Nel contesto lavorativo non è escluso che gli uomini possano subire umiliazioni o ingiustizie, né che le donne possano adottare condotte violente o persecutorie nei confronti dei sottoposti. I dati, però, parlano chiaro: l’autore di violenza è un uomo e la vittima una donna in quasi la totalità delle molestie fisiche o dei ricatti sessuali, e dinamiche simili si ripetono anche nei casi di mobbing o violenza psicologica. Il fatto stesso di essere donne rappresenta una variabile determinante nello sviluppo delle dinamiche violente, soprattutto quando il comportamento delle vittime non rispecchia quello definito dallo stereotipo del loro genere di appartenenza. Una lavoratrice ambiziosa o assertiva viene automaticamente percepita come insubordinata, ribelle, distante dalla passività che dovrebbe caratterizzare il suo ruolo. La molestia, sia essa fisica, verbale o psicologica, diventa così uno strumento utile a datori di lavoro o colleghi per ricordare alle lavoratrici che non è quello il comportamento che la società ha previsto per loro.

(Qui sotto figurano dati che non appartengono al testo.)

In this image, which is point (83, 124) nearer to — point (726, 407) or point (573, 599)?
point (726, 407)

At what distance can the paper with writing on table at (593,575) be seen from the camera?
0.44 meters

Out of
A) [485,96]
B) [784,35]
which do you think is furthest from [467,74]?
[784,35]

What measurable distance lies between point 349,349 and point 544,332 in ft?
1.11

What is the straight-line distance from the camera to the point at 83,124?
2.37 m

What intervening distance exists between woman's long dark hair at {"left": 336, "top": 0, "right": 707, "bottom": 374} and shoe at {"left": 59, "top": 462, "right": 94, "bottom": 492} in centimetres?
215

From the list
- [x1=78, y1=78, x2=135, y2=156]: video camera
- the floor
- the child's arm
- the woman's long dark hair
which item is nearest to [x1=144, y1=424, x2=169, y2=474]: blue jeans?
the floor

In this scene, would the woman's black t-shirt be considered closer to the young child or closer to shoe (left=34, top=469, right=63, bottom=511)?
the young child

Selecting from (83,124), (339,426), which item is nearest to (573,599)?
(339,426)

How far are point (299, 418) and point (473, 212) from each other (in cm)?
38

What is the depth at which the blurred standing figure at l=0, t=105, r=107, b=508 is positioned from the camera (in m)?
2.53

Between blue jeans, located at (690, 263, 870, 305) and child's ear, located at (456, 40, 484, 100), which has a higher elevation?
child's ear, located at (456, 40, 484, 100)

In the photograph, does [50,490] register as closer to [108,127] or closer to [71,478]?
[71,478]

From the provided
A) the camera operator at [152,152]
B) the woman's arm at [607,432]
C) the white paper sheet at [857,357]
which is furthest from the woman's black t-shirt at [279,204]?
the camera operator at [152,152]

Nel 2018, uno studio della National Academy of Sciences ha dimostrato che le molestie sessuali sul luogo di lavoro sono più frequenti negli ambienti a prevalenza maschile dominati da una cultura “machista”: la radice del problema, quindi, non risiede nella difficoltà degli uomini a contenere la propria libido, bensì in un maschilismo latente dal quale possono scaturire abusi e violenze di natura apparentemente diversa. In questi contesti, infatti, l’oppressione verbale e psicologica delle donne rappresenta lo status quo e anche eventuali molestie fisiche e sessuali vengono più facilmente giustificate, dimenticate, o interpretate come banali incidenti di percorso. Secondo gli esperti, questi atteggiamenti nascondono il desiderio degli uomini di proteggere il proprio sex-role spillover, ovvero quel bagaglio di qualità tipicamente mascoline, come forza, aggressività o competitività, integrate nel contesto lavorativo e mantenute in vita grazie alla svalutazione altrui. Ribadire a sottoposte o colleghe la propria superiorità di genere, soprattutto se questa è assente sul piano gerarchico (come nel caso del mobbing orizzontale), risulta così funzionale a mantenere intatta la propria stereotipica identità e il privilegio che la accompagna.

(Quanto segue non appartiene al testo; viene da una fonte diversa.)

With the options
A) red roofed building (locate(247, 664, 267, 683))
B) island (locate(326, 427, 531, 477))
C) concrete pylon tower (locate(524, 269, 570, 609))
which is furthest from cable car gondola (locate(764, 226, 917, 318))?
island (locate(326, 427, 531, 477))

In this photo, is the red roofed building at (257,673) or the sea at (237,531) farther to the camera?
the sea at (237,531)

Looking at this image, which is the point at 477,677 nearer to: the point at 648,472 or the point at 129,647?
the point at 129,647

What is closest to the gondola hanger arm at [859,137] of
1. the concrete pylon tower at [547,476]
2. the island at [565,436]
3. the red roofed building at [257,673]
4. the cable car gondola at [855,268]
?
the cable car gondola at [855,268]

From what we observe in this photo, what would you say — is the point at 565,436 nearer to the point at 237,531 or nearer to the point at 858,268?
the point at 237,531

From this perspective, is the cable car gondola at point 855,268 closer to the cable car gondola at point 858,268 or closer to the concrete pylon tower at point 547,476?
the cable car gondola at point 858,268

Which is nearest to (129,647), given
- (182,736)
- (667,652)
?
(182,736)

Contribuisce al mantenimento di queste dinamiche anche l’idea, ancora profondamente radicata, che nella vita di una lavoratrice maternità e carriera non possano coesistere. Questa convinzione emerge non solo nella scarsità di politiche a tutela della maternità, ma anche nelle caratteristiche demografiche delle lavoratrici più a rischio di violenza. Una ricerca condotta dall’Università di Pavia ha dimostrato che la fascia di età più colpita dalla cosiddetta “sindrome da mobbing” è quella compresa fra i 34 e i 45 anni, periodo in cui è più probabile che le donne rimangano incinte o usufruiscano di part-time o agevolazioni contrattuali per potersi occupare della famiglia. Nella maggior parte dei casi, gli episodi di mobbing hanno inizio una volta che la lavoratrice è rientrata dalla maternità, quando non è raro venga isolata, dequalificata o umiliata a causa dei presunti disagi derivati dalla sua assenza. Se vuoi essere madre e perseguire allo stesso tempo i tuoi obiettivi professionali, insomma, devi essere pronta a pagarne il prezzo.
È evidente che gli abusi quotidianamente perpetrati ai danni delle lavoratrici si inseriscono in un contesto più ampio, fatto di stereotipi e squilibri di potere intrinsecamente radicati in ogni sovrastruttura della nostra società e che possono manifestarsi in forme diverse anche all’interno del mondo del lavoro. Non è possibile scindere, per esempio, la violenza di genere da concetti come il gender pay gap, la mancanza di un congedo di paternità o quel famoso fenomeno per cui, nelle gerarchie professionali, le lavoratrici si fermano sistematicamente a un passo dai ruoli apicali senza raggiungerli mai, a differenza di quanto avviene per i colleghi maschi. Sebbene possano apparire diversi, tutti questi fenomeni si fondano sul princìpio per cui, nel 2021, ambire a una carriera lavorativa è ancora uno sfizio di cui le donne potrebbero fare a meno.
La questione è complessa, ma è necessario coglierne le diverse sfaccettature per poter agire di conseguenza. La ratifica dell’ennesima Convenzione è una notizia positiva, ma è destinata a rimanere una formalità se non sarà accompagnata da provvedimenti in grado di concretizzarne i princìpi al più presto. Limitarsi a punire gli episodi di violenza senza approfondire le ragioni per cui si sono verificati significa curare il sintomo mantenendo inalterata la causa. Oltre a garantire alle vittime la tutela che meritano, quindi, è necessario ripartire dall’educazione, mettere in discussione i propri pregiudizi e smantellare una volta per tutte il modello culturale tossico e discriminatorio che ha consentito a queste dinamiche di sopravvivere fino a oggi.